Extracted material:

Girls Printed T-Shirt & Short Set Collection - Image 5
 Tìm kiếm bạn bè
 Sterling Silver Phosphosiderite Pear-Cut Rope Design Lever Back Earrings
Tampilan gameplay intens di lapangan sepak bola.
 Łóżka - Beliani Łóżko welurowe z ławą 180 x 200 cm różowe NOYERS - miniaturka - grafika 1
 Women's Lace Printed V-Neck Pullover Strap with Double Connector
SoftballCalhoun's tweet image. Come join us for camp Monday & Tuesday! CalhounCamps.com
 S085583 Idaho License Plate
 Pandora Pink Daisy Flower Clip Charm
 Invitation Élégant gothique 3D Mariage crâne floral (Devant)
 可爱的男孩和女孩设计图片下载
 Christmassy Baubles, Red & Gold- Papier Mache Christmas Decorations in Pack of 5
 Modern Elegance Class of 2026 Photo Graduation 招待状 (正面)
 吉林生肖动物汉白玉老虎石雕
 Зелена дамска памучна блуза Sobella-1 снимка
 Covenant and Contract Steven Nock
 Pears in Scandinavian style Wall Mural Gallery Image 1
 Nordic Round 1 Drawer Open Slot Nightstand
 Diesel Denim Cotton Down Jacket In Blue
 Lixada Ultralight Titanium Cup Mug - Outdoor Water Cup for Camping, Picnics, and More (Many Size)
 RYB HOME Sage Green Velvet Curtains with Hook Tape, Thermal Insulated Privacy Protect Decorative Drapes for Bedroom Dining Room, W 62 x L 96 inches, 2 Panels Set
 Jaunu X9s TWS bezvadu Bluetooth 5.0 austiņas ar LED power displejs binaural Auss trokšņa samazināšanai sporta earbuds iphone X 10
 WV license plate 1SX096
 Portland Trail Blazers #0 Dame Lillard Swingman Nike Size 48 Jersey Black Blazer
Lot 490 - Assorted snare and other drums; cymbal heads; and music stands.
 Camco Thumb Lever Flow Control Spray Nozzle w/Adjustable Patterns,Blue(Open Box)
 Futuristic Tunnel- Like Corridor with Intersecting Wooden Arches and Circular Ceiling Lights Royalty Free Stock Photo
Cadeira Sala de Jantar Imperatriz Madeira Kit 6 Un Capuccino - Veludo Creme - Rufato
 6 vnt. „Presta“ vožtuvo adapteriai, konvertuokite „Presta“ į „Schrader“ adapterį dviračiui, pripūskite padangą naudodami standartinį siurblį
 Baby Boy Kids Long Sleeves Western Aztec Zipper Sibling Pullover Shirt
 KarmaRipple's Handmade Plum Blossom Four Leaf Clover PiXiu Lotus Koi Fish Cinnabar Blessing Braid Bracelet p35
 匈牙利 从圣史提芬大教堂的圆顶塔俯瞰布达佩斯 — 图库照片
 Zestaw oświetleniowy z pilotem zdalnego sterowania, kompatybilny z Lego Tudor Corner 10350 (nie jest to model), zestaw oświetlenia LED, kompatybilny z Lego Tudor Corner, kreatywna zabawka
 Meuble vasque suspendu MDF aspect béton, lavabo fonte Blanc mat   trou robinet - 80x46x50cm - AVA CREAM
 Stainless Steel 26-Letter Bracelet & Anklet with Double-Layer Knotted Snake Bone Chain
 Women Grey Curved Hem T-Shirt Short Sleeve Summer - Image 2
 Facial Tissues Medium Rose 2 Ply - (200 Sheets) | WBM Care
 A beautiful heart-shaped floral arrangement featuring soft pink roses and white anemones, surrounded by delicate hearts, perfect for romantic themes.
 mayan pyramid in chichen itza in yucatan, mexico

Your instructions:
The reply must hold exactly the lines from the one containing "Futuristic Tunnel- Like" to the last line of the entries, and nothing more.

Written reply:
 Futuristic Tunnel- Like Corridor with Intersecting Wooden Arches and Circular Ceiling Lights Royalty Free Stock Photo
Cadeira Sala de Jantar Imperatriz Madeira Kit 6 Un Capuccino - Veludo Creme - Rufato
 6 vnt. „Presta“ vožtuvo adapteriai, konvertuokite „Presta“ į „Schrader“ adapterį dviračiui, pripūskite padangą naudodami standartinį siurblį
 Baby Boy Kids Long Sleeves Western Aztec Zipper Sibling Pullover Shirt
 KarmaRipple's Handmade Plum Blossom Four Leaf Clover PiXiu Lotus Koi Fish Cinnabar Blessing Braid Bracelet p35
 匈牙利 从圣史提芬大教堂的圆顶塔俯瞰布达佩斯 — 图库照片
 Zestaw oświetleniowy z pilotem zdalnego sterowania, kompatybilny z Lego Tudor Corner 10350 (nie jest to model), zestaw oświetlenia LED, kompatybilny z Lego Tudor Corner, kreatywna zabawka
 Meuble vasque suspendu MDF aspect béton, lavabo fonte Blanc mat   trou robinet - 80x46x50cm - AVA CREAM
 Stainless Steel 26-Letter Bracelet & Anklet with Double-Layer Knotted Snake Bone Chain
 Women Grey Curved Hem T-Shirt Short Sleeve Summer - Image 2
 Facial Tissues Medium Rose 2 Ply - (200 Sheets) | WBM Care
 A beautiful heart-shaped floral arrangement featuring soft pink roses and white anemones, surrounded by delicate hearts, perfect for romantic themes.
 mayan pyramid in chichen itza in yucatan, mexico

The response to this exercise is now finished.